Adding support for new input formats includes creating policies for relevant security risks in those formats. For example, we added numerous Dockerfile policies including one to ensure that Dockerfiles don’t RUN commands as root.

Managing Vulnerability Risks in Containers

In addition to identifying security misconfigurations in IaC, Terrascan can now identify security vulnerabilities in container images referenced from Elastic Container Registry (ECR), Azure Container Registry, Google Container Registry, Google Artifact Registry, and Harbor. This is especially useful for ensuring the absence of vulnerabilities in custom and third-party containers used and built in your development pipelines.
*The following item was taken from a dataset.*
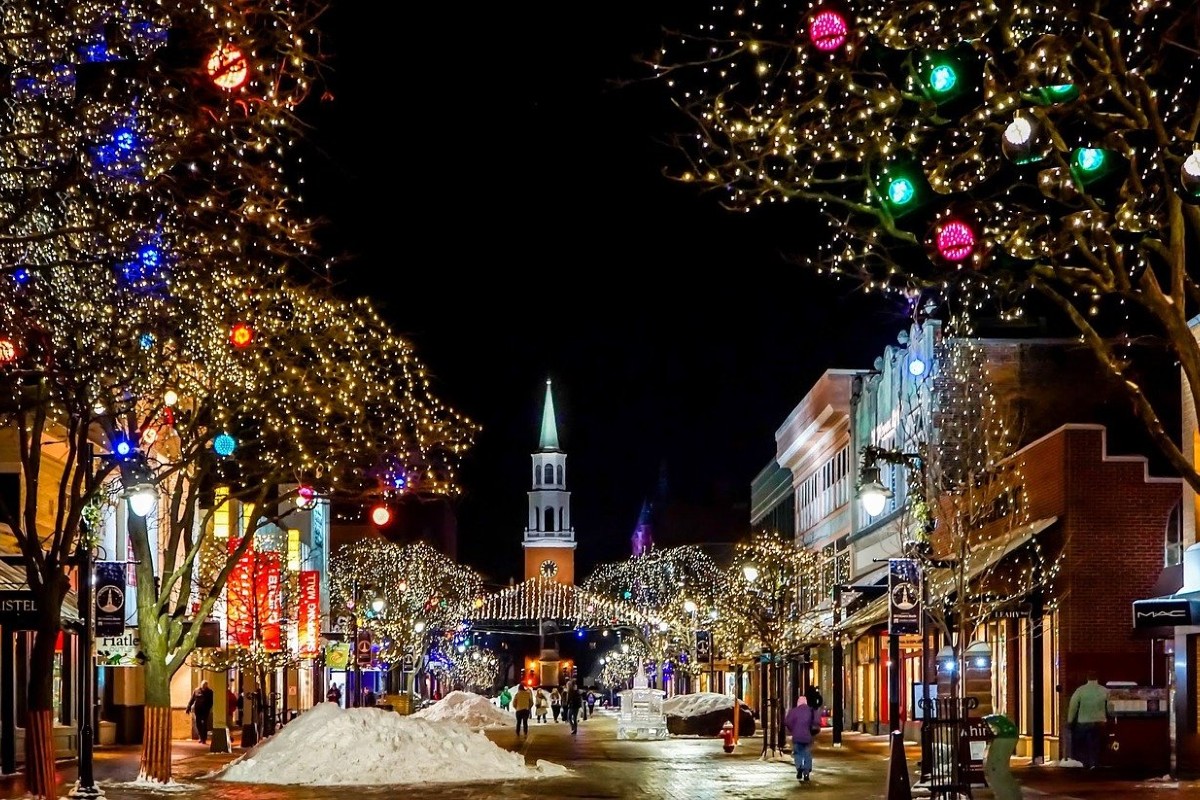 City street with holiday decorations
Enforcing Policy During Deployment to Kubernetes Clusters

Terrascan can now be used as an admission controller for Kubernetes, enforcing policies as changes are applied to the cluster and preventing security issues from making it into the runtime environment. Gone are the days of managing different tools and policies for pipelines and runtime. Terrascan enables you to enforce the same policies in development and runtime!
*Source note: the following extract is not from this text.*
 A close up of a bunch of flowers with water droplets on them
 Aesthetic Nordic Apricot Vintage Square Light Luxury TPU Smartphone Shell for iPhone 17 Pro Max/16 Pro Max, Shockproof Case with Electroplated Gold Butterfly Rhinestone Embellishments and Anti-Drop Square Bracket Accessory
Improving Relevance with Prioritization and Filtering

Finding violations is important, but sometimes less is more. Terrascan now offers the ability to prioritize or de-prioritize issues based on specific levels of severity for policies in each IaC file. This helps tailor policies within Terrascan for the particular use case or architecture being tested, so you can focus specifically on the issues you care most about.
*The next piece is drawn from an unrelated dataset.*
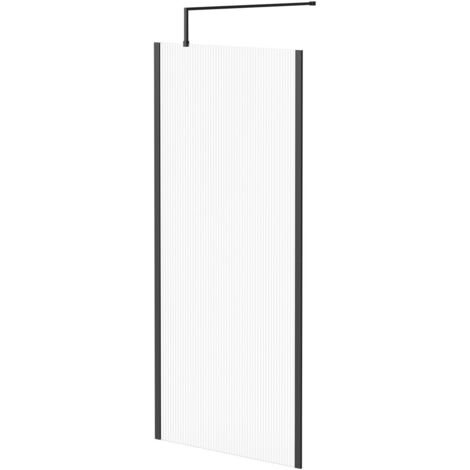 Colore 8mm Fluted Glass Matt Black 1850mm x 900mm Walk In Shower Screen including Wall Channel with End Profile and Support Bar (1/5)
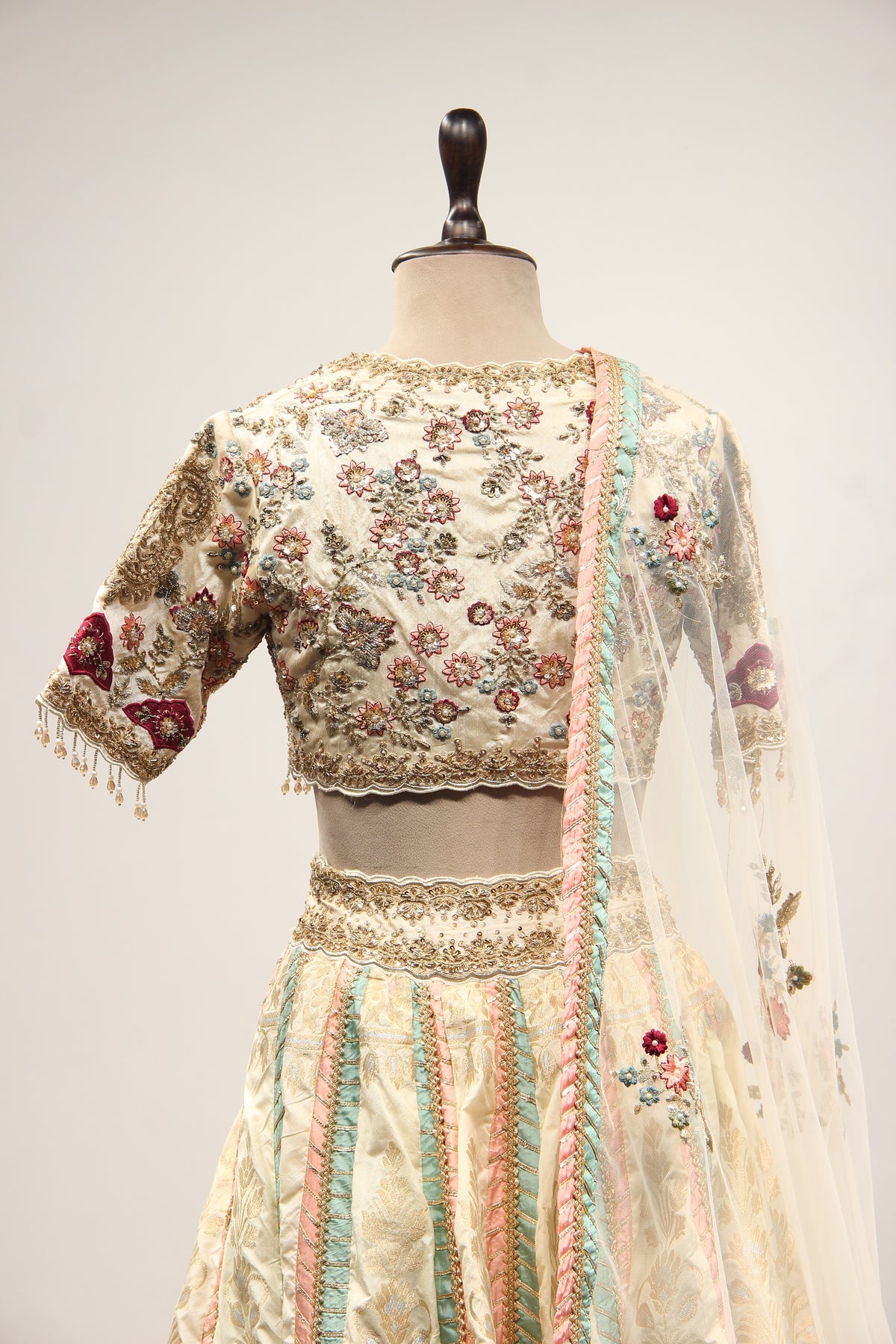 Banarsi Brocade Lehenga with Resham & Sequin Handwork Crop Top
Deeper Integrations, Better Automation

Automating policy enforcement into existing workflows ensures that controls are applied consistently without increasing friction in the development process. The Terrascan GitHub action can be used within GitHub workflows to detect and prevent security issues from being merged into your code repository.

For those that need earlier enforcement, evaluating IaC even before code is committed into version control, Terrascan provides a pre-commit hook which runs on the developer workstation before code changes are committed into the git repository.

Better Collaboration with Reporting and Compliance Processes

Enforcing policies in development processes is important, but it’s sometimes just as important to be able to demonstrate that development processes are continuously compliant with the security policy. Terrascan has added support for SARIF output to facilitate integration with common compliance and security reporting tools, such as GitHub security reports.

Easier Custom Policy Development for Advanced Needs

Terrascan includes an extensive library of policies and best practices, but sometimes you need to implement policies that address your unique requirements or circumstances. The newly published Terrascan Rego Editor, a VS Code extension, makes it easier to create and test policies with a seamless workflow driven in the IDE.